Three times in the last few years DH or I have been referred to a hospital consultant by our GP, who, like every GP is a qualified and highly trained doctor.

Why then does the hospital then feel the need to double check whether you really need to see a specialist or not?

These triage checks are not done by other doctors but by nurses or other capable and trained people, who nevertheless do not have the training and knowledge of the GP who made the original decision.

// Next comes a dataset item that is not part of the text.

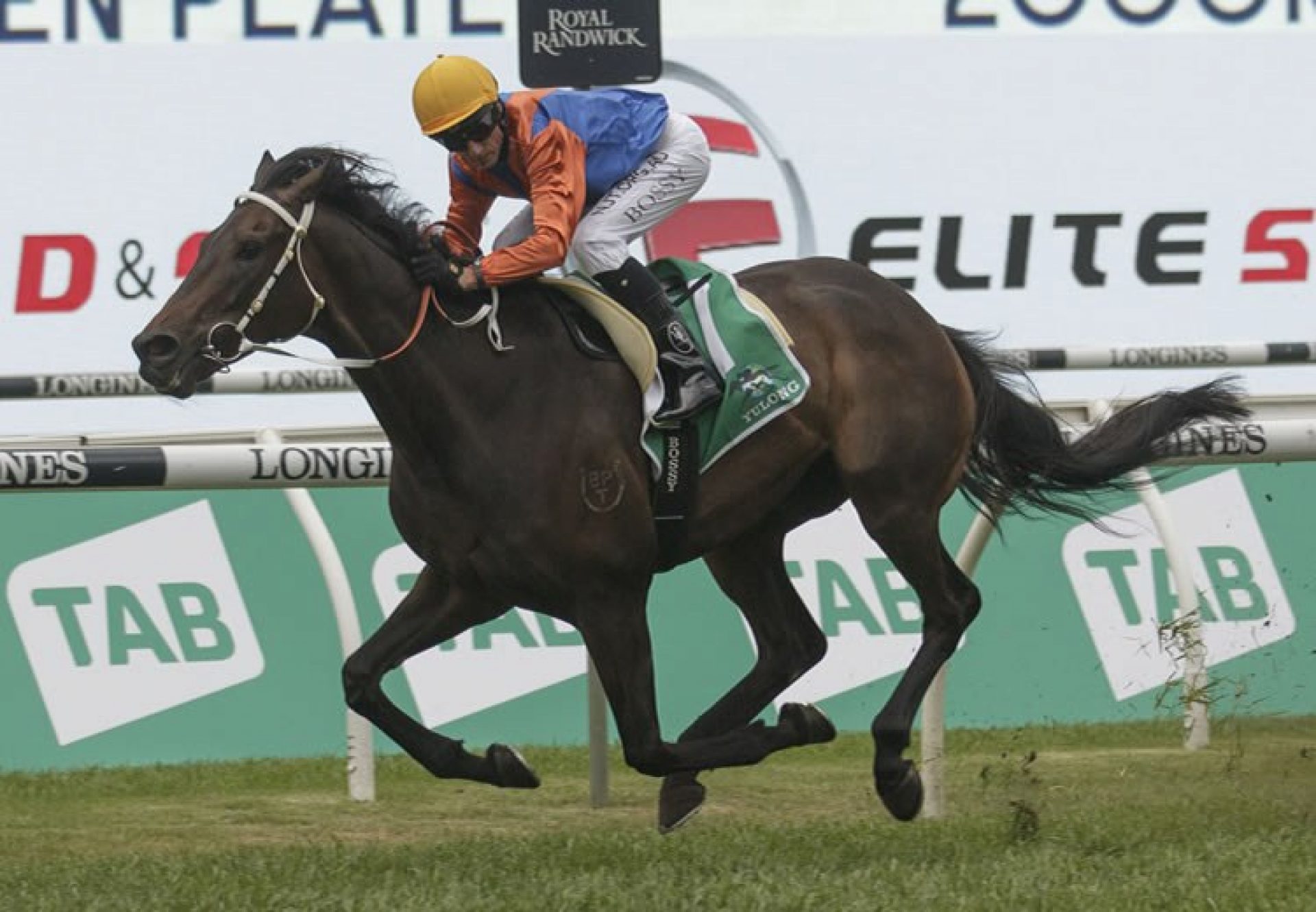 Think It Over (So You Think) winning the Gr.3 Craven Plate at Randwick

In my case, I had a scan as part of a long ongoing medical survey and the scan showed something concerning enough for those running the trial to send a letter and a copy of the scan to my GP . I was contacted by my GP, who immediately referred me for a more detailed scan to see quite what the problem is as it may need ongoing treatment to protect my health. But first the hospital has to triage me to see if I really do need a scan.

How can they know whether I really need a scan considering that the only way the original possible diagnosis can only be confirmed by another more detailed scan?

In a previous case even after I had seen the specialist, who confirmed that my need for a minor operation was incontrovertable. I was still made to have a whole series of extra tests, which the consultant said were completely unnecessary, to check whether I really needed the operation. A very minor one done under sedation, not anaesthetic.

I think the cost of all the extra reviews of my case, probably cost more than the operation.

Zoejory Thu 26-May-22 14:46:49

Goodness me, Monica. I was just discussing this with my husband the other day.

Not the same scenario but I went to my GP with a suspicious mole. GP decided to refer me. I got an appointment within 3 weeks, went along to the hospital. Mole was looked at by a nurse who then decided that yes, it needed removal.

Do GPs often refer unnecessarily? Surely not.

So I had 2 appointments at a hospital 40 minutes away.

Just as an aside, the GP I saw performs mole removal at this hospital on a weekly basis. So I have no idea why his referral wasn't taken as a given.

Farzanah Thu 26-May-22 15:08:28

It does seem undermining of doctors, especially GPs, but gone are the days when they could just refer direct. They have to follow the appropriate “pathways” now, which are supposed to be make treatment more appropriate and efficient, but IMO they are a lot about restricted resources and money saving.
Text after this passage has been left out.